Poor Jenni, beginning to realise the extent to which she had been used, blamed herself for their situation. She was left high and dry when George ignored all her messages and ghosted her on social media. He was gone when she discovered she was pregnant and Nick and Grace were overcome with grief when not long afterwards Jenni died due to medical complications, her life slipping away like the ebbing tide. After this final blow even the gossips relented, feeling that ‘Not so Proud now, Pennas!’ from Mike Calcar was a step too far under the circumstances.
It was after Jenni’s death that Mike’s luck ran out. He lost his job when he was caught drink driving and began to spend most of his time frequenting an abandoned house on a cliff above the beach used by petty criminals and drug-dealers.

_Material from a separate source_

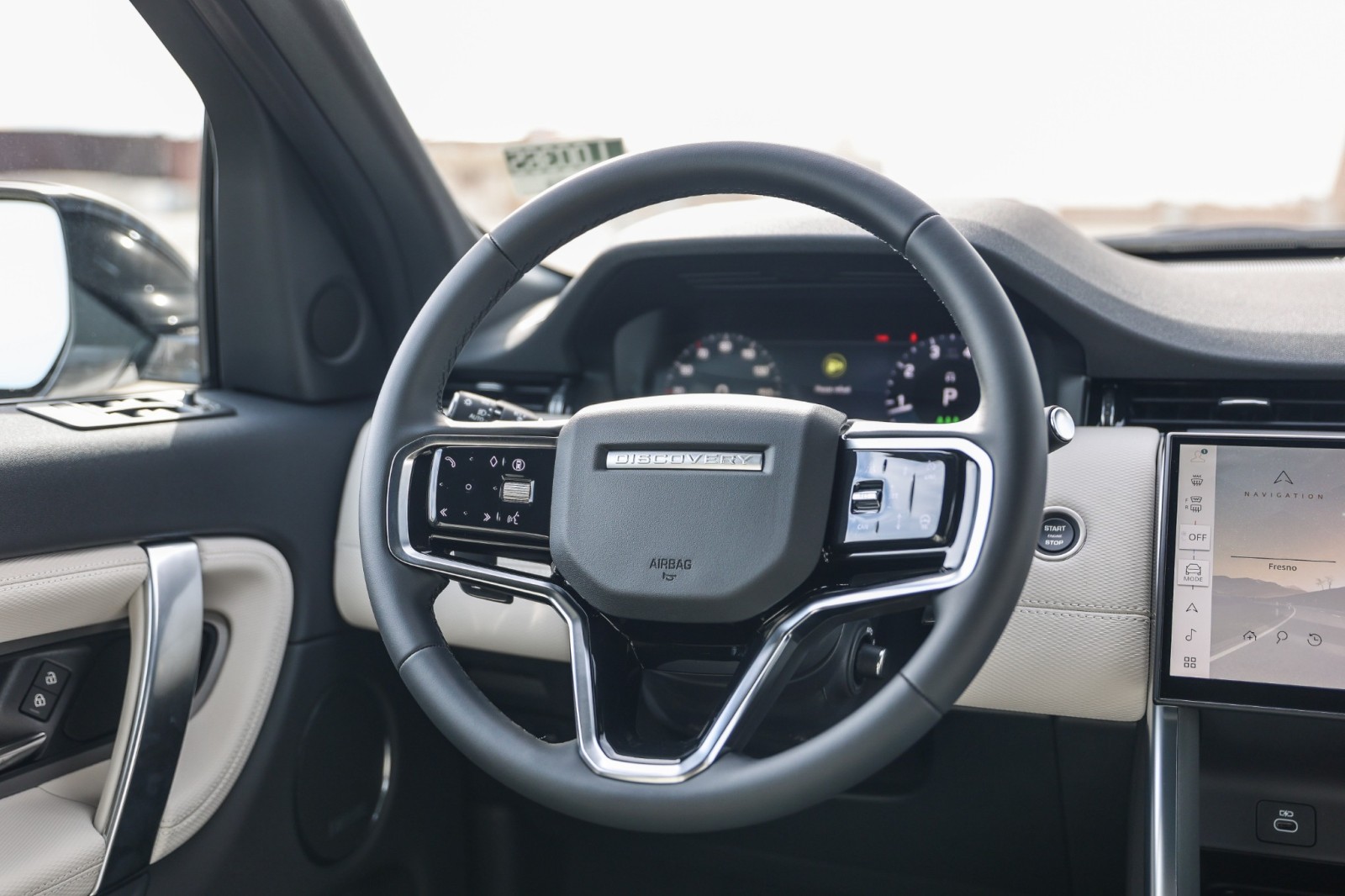 2025 Land Rover Discovery Sport Dynamic SE photo 14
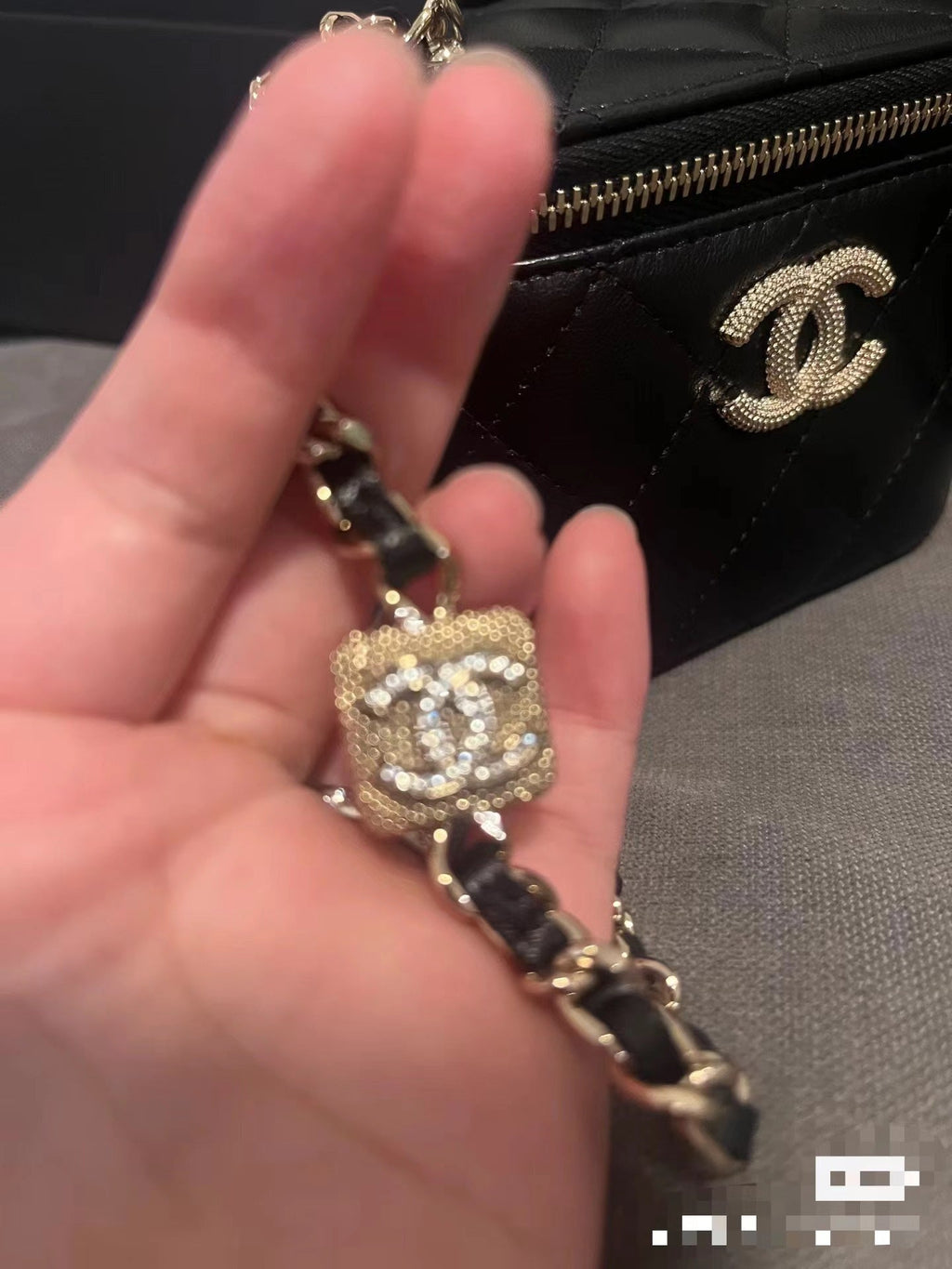 CHANEL SMALL VANITY CASE 11 IN BLACK CALFSKIN GOLD HARDWARE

So things had changed when George Williams eventually returned to Sennen, looking to entertain himself again after failing his final year exams. Despite his uncle’s warnings, he ended up hanging around at the house on the cliff where Mike and the other lowlifes were only too happy to exploit him and his bank-balance. One night George was reported missing, the coastguard was called out, and he was eventually found staggering about on the sands at low tide, hallucinating and raving about a strange woman he’d met there: singing about death, calling him a betrayer and making terrible threats. ‘Her face,’ George kept muttering, ‘was, and yet was not Jenni’s’. After this breakdown his family paid for a doctor and therapists but despite weeks of the most expensive treatment George remained a nervous wreck, complaining that ‘an invisible power’ was preventing him from moving on with his life. This time the gossip was superstitious, ‘That boy’s been ill-wished! Those Penna’s must have cursed him…’
On a chilly February day, George felt himself drawn to visit the beach again. He had tried to put all thoughts of Jenni out of his restless mind, but he’d learnt it was the anniversary of her death, and the words ‘died this day… died this day…’ echoed around and around in his head until he could think of nothing else. A mist covered the horizon and the sands were empty, but he splashed on through the shallows around a rocky point and there was the mysterious woman he remembered, as if she’d been waiting for him. She beckoned to George, and as he stood transfixed by her face, she raised her hands to his cheeks, drew his head down and placed a cold kiss on his forehead. When she spoke it was in the same sing-song voice as before, ‘You kissed and betrayed the girl that I saved! But the kiss of the sea-folk binds us forever… so now you are mine until death.’
George struggled back in horror but was held in place by the irresistible drag of her grasping arms as he felt icy water swirl around his ankles. He stared in disbelief as the mist darkened and rolled in from the sea, gathered into towering thunderclouds and a sudden bolt of lightning struck the house on the cliff, which burst into flames. Thunder echoed around the bay, the rising tide surged and George screamed when he felt himself carried out of his depth, his body tossed among the waves as if thrown by many hands, until his hopeless cries for forgiveness were drowned out by the ocean’s angry roar.